Exercise: Please reproduce each line of the data below exactly as shown.

Supplied data START

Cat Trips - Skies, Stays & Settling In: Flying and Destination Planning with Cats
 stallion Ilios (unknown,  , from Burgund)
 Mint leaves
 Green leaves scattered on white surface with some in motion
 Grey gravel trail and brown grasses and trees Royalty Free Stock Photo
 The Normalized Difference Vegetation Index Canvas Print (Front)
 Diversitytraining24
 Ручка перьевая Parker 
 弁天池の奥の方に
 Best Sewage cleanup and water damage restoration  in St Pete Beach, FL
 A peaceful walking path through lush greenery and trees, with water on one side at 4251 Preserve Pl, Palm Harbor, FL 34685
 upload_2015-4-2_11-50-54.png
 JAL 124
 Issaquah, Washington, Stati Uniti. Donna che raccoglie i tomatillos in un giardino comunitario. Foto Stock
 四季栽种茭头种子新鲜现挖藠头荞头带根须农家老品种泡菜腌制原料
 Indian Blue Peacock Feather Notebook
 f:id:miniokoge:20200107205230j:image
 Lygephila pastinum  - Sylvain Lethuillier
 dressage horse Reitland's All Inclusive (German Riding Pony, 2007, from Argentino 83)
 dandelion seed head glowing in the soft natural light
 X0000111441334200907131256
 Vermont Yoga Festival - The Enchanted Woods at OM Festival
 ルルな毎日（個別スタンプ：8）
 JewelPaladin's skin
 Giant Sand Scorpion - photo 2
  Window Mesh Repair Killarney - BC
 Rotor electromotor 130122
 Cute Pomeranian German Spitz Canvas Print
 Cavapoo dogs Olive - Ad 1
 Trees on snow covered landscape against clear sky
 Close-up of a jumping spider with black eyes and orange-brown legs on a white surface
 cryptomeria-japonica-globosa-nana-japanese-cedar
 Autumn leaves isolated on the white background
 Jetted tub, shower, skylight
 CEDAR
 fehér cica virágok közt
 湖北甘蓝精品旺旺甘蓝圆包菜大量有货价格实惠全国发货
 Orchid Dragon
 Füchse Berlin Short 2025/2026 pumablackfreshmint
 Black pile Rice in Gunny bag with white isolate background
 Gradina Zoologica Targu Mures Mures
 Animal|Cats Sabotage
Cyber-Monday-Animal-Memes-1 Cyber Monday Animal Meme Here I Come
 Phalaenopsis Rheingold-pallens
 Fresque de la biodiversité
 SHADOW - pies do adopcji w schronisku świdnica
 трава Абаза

Supplied data END

Exercise answer:
Cat Trips - Skies, Stays & Settling In: Flying and Destination Planning with Cats
 stallion Ilios (unknown,  , from Burgund)
 Mint leaves
 Green leaves scattered on white surface with some in motion
 Grey gravel trail and brown grasses and trees Royalty Free Stock Photo
 The Normalized Difference Vegetation Index Canvas Print (Front)
 Diversitytraining24
 Ручка перьевая Parker 
 弁天池の奥の方に
 Best Sewage cleanup and water damage restoration  in St Pete Beach, FL
 A peaceful walking path through lush greenery and trees, with water on one side at 4251 Preserve Pl, Palm Harbor, FL 34685
 upload_2015-4-2_11-50-54.png
 JAL 124
 Issaquah, Washington, Stati Uniti. Donna che raccoglie i tomatillos in un giardino comunitario. Foto Stock
 四季栽种茭头种子新鲜现挖藠头荞头带根须农家老品种泡菜腌制原料
 Indian Blue Peacock Feather Notebook
 f:id:miniokoge:20200107205230j:image
 Lygephila pastinum  - Sylvain Lethuillier
 dressage horse Reitland's All Inclusive (German Riding Pony, 2007, from Argentino 83)
 dandelion seed head glowing in the soft natural light
 X0000111441334200907131256
 Vermont Yoga Festival - The Enchanted Woods at OM Festival
 ルルな毎日（個別スタンプ：8）
 JewelPaladin's skin
 Giant Sand Scorpion - photo 2
  Window Mesh Repair Killarney - BC
 Rotor electromotor 130122
 Cute Pomeranian German Spitz Canvas Print
 Cavapoo dogs Olive - Ad 1
 Trees on snow covered landscape against clear sky
 Close-up of a jumping spider with black eyes and orange-brown legs on a white surface
 cryptomeria-japonica-globosa-nana-japanese-cedar
 Autumn leaves isolated on the white background
 Jetted tub, shower, skylight
 CEDAR
 fehér cica virágok közt
 湖北甘蓝精品旺旺甘蓝圆包菜大量有货价格实惠全国发货
 Orchid Dragon
 Füchse Berlin Short 2025/2026 pumablackfreshmint
 Black pile Rice in Gunny bag with white isolate background
 Gradina Zoologica Targu Mures Mures
 Animal|Cats Sabotage
Cyber-Monday-Animal-Memes-1 Cyber Monday Animal Meme Here I Come
 Phalaenopsis Rheingold-pallens
 Fresque de la biodiversité
 SHADOW - pies do adopcji w schronisku świdnica
 трава Абаза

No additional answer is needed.